> Work to complete: The line containing "Barboteuse Dupleix - Vichy Rose" marks the start; extract exactly from it through the last line of the entries, and omit any pictures.

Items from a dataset

________

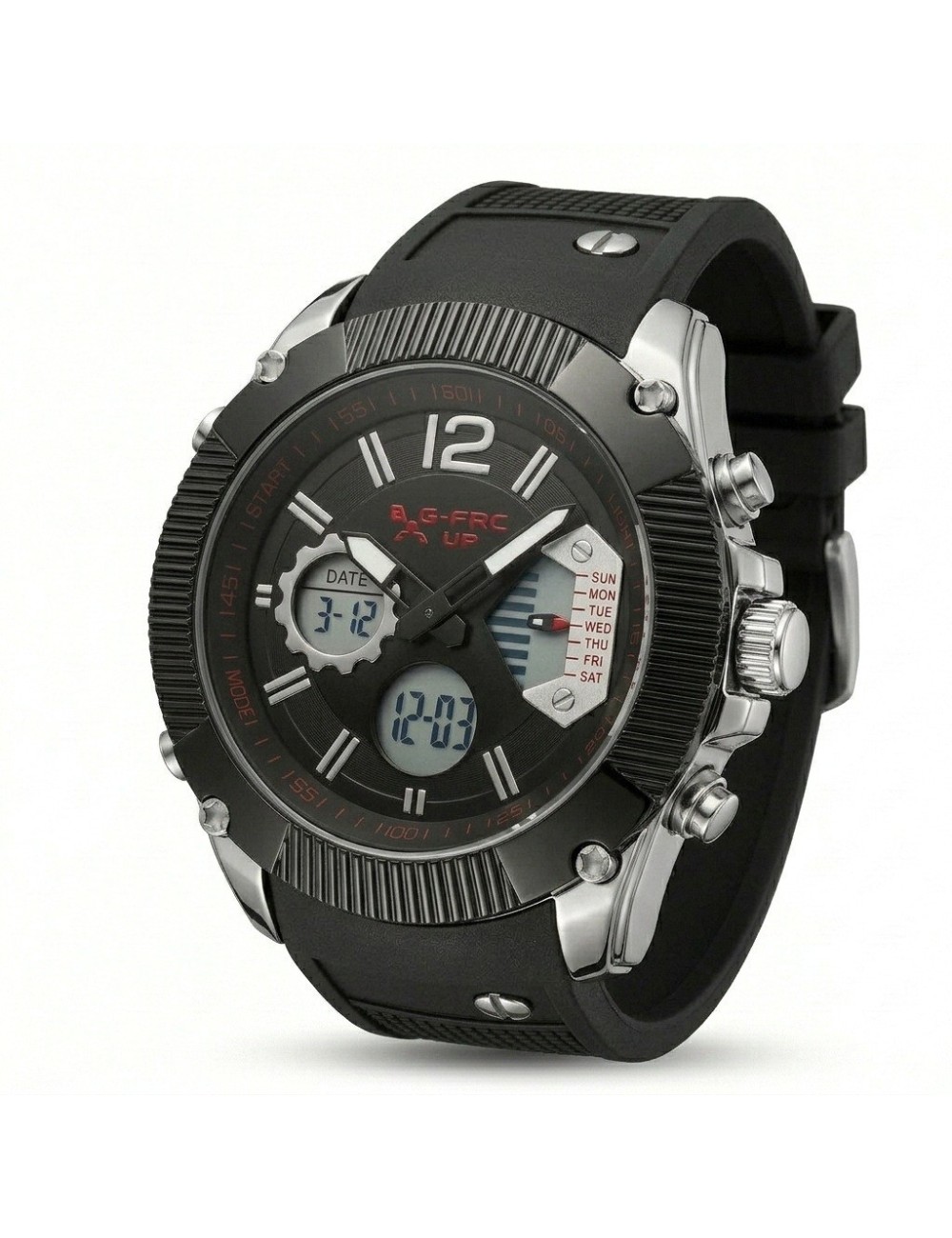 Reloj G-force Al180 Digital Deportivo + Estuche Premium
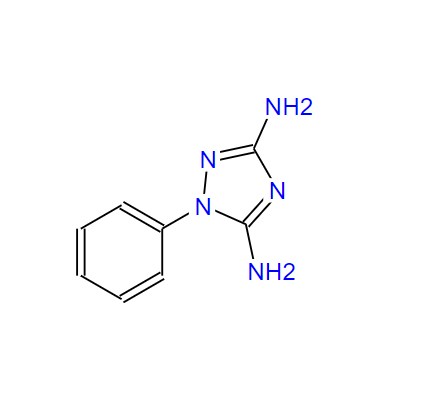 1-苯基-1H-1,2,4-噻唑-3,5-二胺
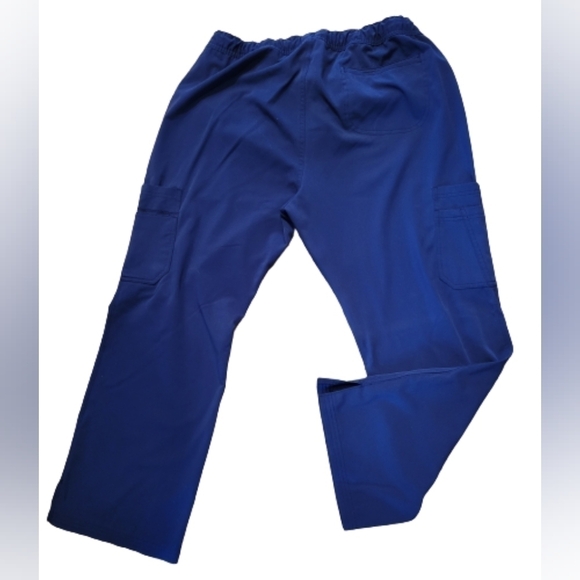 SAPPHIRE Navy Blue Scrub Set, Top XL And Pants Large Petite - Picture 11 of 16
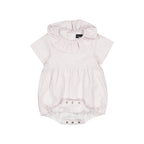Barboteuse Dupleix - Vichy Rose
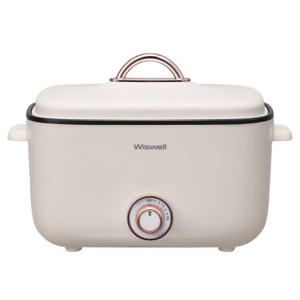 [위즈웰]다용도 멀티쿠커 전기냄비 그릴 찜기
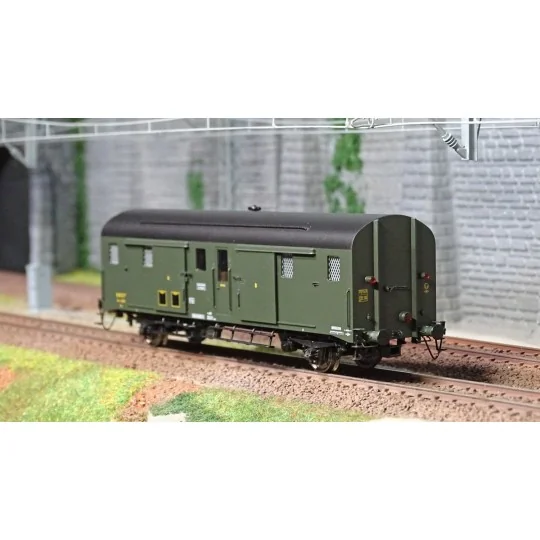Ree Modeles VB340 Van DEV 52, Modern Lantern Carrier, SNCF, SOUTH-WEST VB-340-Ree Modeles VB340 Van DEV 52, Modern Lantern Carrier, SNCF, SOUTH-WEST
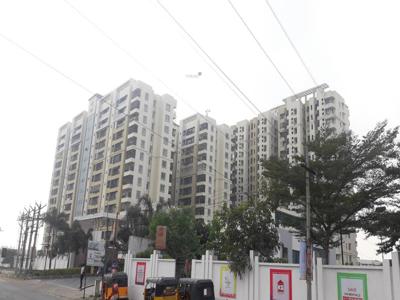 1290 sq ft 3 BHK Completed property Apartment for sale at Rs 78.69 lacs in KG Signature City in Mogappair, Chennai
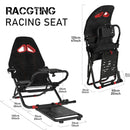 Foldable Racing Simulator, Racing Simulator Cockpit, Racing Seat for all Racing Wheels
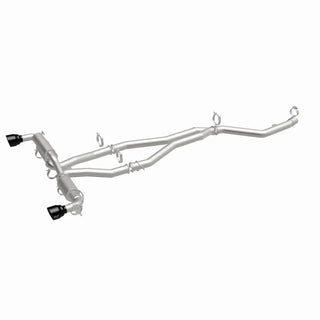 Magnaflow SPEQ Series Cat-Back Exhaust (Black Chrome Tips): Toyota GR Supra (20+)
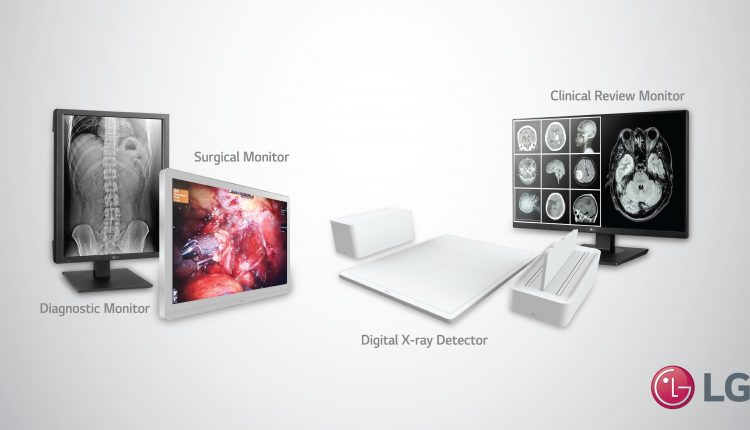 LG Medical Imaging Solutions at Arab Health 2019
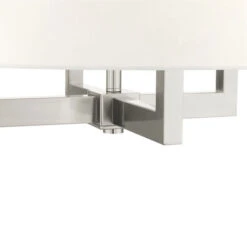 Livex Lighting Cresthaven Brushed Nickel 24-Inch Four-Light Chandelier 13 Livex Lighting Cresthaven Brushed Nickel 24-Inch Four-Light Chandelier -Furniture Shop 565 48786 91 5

________

> Reply:
Barboteuse Dupleix - Vichy Rose
 [위즈웰]다용도 멀티쿠커 전기냄비 그릴 찜기
Ree Modeles VB340 Van DEV 52, Modern Lantern Carrier, SNCF, SOUTH-WEST VB-340-Ree Modeles VB340 Van DEV 52, Modern Lantern Carrier, SNCF, SOUTH-WEST
 1290 sq ft 3 BHK Completed property Apartment for sale at Rs 78.69 lacs in KG Signature City in Mogappair, Chennai
 Foldable Racing Simulator, Racing Simulator Cockpit, Racing Seat for all Racing Wheels
 Magnaflow SPEQ Series Cat-Back Exhaust (Black Chrome Tips): Toyota GR Supra (20+)
 LG Medical Imaging Solutions at Arab Health 2019
 Livex Lighting Cresthaven Brushed Nickel 24-Inch Four-Light Chandelier 13 Livex Lighting Cresthaven Brushed Nickel 24-Inch Four-Light Chandelier -Furniture Shop 565 48786 91 5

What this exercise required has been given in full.